Content starts
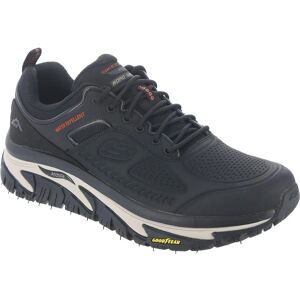 Skechers Arch Fit Road Walker - Zapatillas negras para hombre Skechers Arch Fit Road Walker - Zapatillas negras para hombre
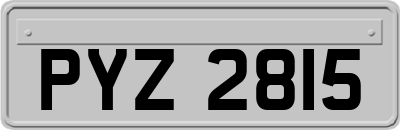 PYZ2815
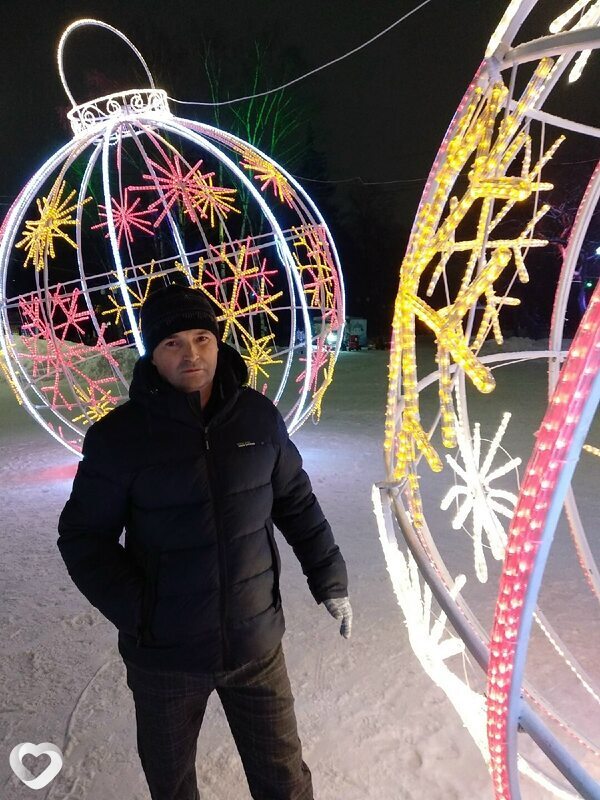 Василий, 44, Вологде — анкета №3470039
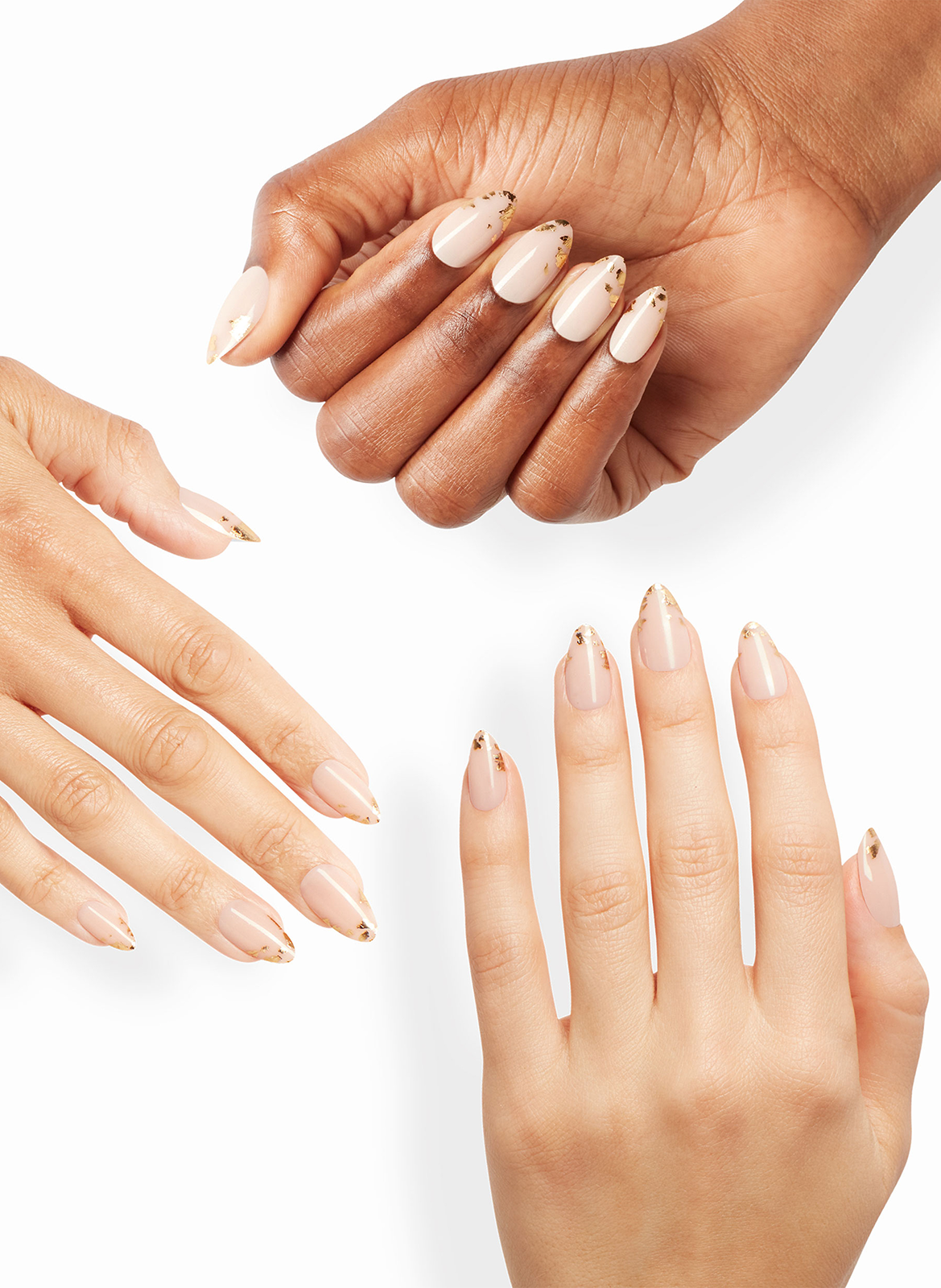 Confetti Connection - xPRESS/ON OPI Rose clair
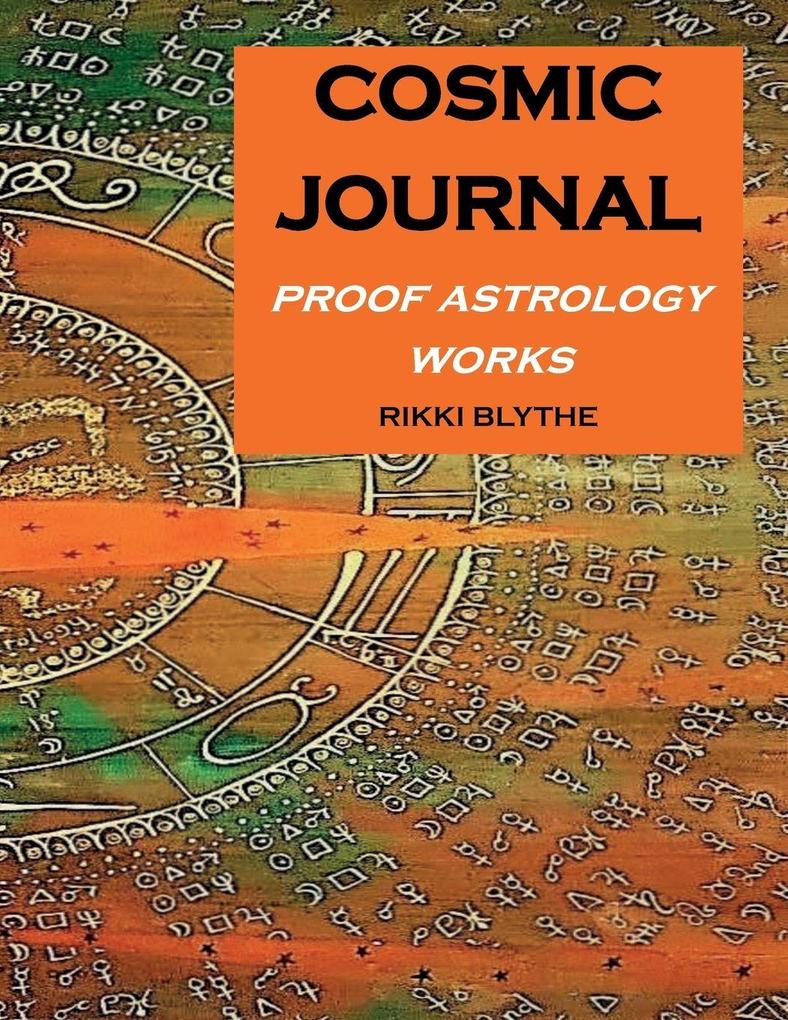 Cosmic Journal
Content ends
**EXERCISE AIM:**
Please ensure that the data above is repeated exactly, with no pictures in the copy.

**WRITTEN SOLUTION:**
 Skechers Arch Fit Road Walker - Zapatillas negras para hombre Skechers Arch Fit Road Walker - Zapatillas negras para hombre
 PYZ2815
 Василий, 44, Вологде — анкета №3470039
 Confetti Connection - xPRESS/ON OPI Rose clair
 Cosmic Journal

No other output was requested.